The Simmons Grove Baptist Church youth will serve as hosts for the first “Will Play For Food” concert and food drive. The concert will take place on Saturday from 4 to 6 p.m. in the Armfield Center gymnasium.
Admission for the concert will be any canned or non-perishable food items or any monetary donation, with all proceeds to benefit the Pilot Mountain Outreach Center. Concessions also will be available.
Featured performers for the afternoon will be the popular local group, 1 Way N. The group is made up of Pilot Mountain residents Casey and Mary Byrd, Freddy and Cathy Combs of Cana, Va., Eddy Combs of Mount Airy and Michael Tilley of Westfield. The busy group is well known locally after years of performing at various area venues, including churches and benefits.

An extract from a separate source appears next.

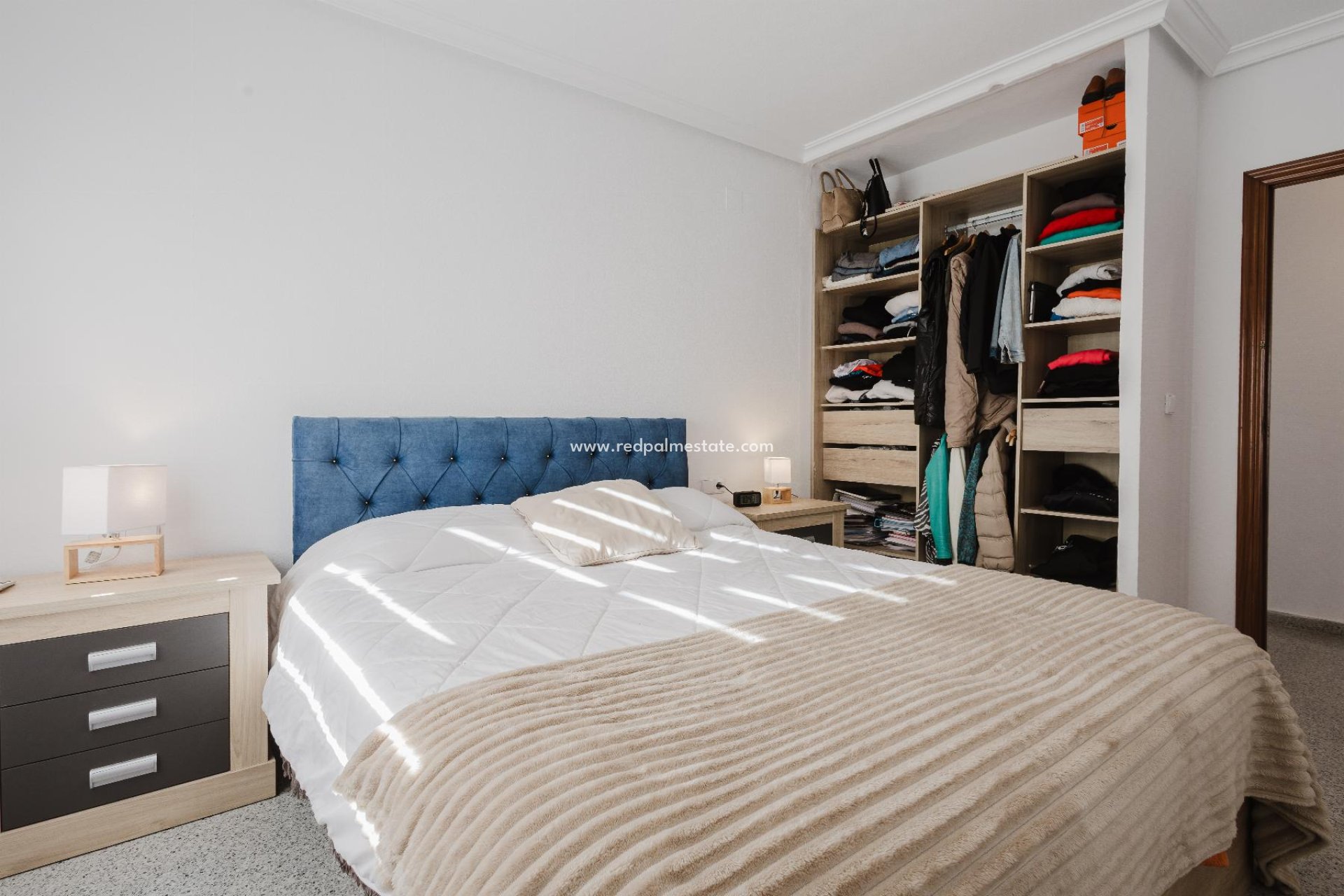 Resale - Apartments -
San Miguel de Salinas - San Miguel Salinas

“We’ve been together for about 11 years,” Mary Byrd said. “We’re a contemporary/southern gospel group, but we mix in a little bit of everything. We try to have something for everybody. Our main goal is to tell people about the Lord and we like to have fun doing it.”

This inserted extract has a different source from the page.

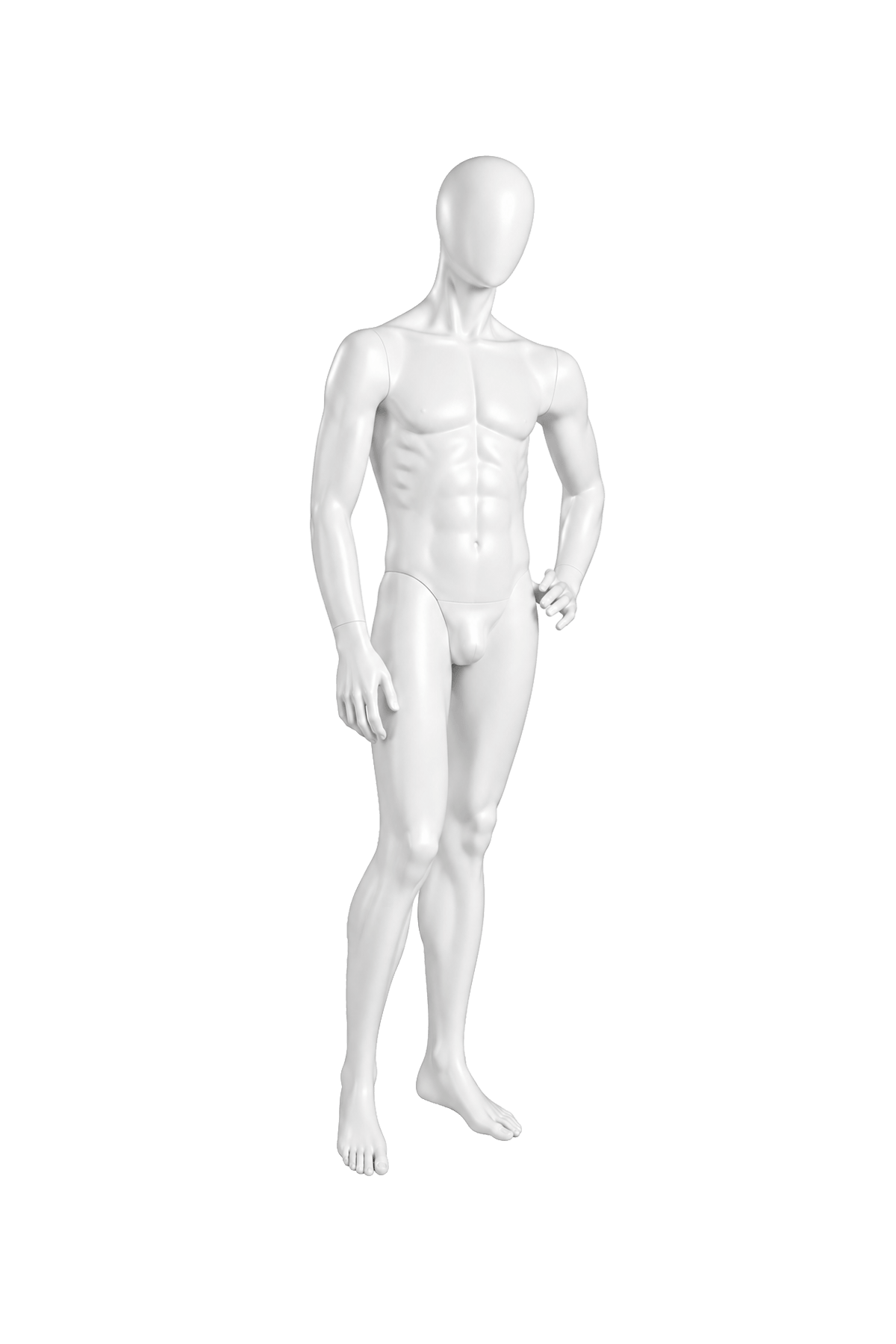 Muse Male Pose 2 Arm C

This weekend will be the group’s last scheduled performances of the year. It is working on finishing a new CD, scheduled for release in January.
“They’re a great group to have for this kind of setting,” said Christy McClelland, a Simmons Grove youth leader who is helping to organize Saturday’s event. “They’re very diverse, with a sound that has everything from contemporary to southern gospel, bluegrass and country.”
According to McClelland, the concert came about as youths at the church sought ways to collect food for the center. A recent presentation by an outreach center volunteer had made the entire church aware of the need in the community. Separately, both adults and youths had decided to host food drives for the center.
“The youths decided to put a spin on things,” McClelland said with a smile, “by challenging the adults to see who could raise more. This concert is one way they’re trying to get a step up on the adults.
“They realize and understand the degree of need in their community and they’re eager to help. Whether it’s work or play, they go at everything with energy and enthusiasm.”
In a recent interview, Pilot Mountain Outreach Center Director Jimmy Caparolie noted that the center has seen a major jump in recent months of families needing help. The center now averages helping more than 400 persons each month.
“Right now,” McClelland added, “there’s a great need for food at all food banks. Pilot Mountain Outreach serves our community so this lets us help the people around us. This is important with Christmas coming and they’re also needing toys and school supplies.”
“We’re thrilled to be able to help in our community by being a part of this,” Byrd said. “A lot of people are very much needing help right now.”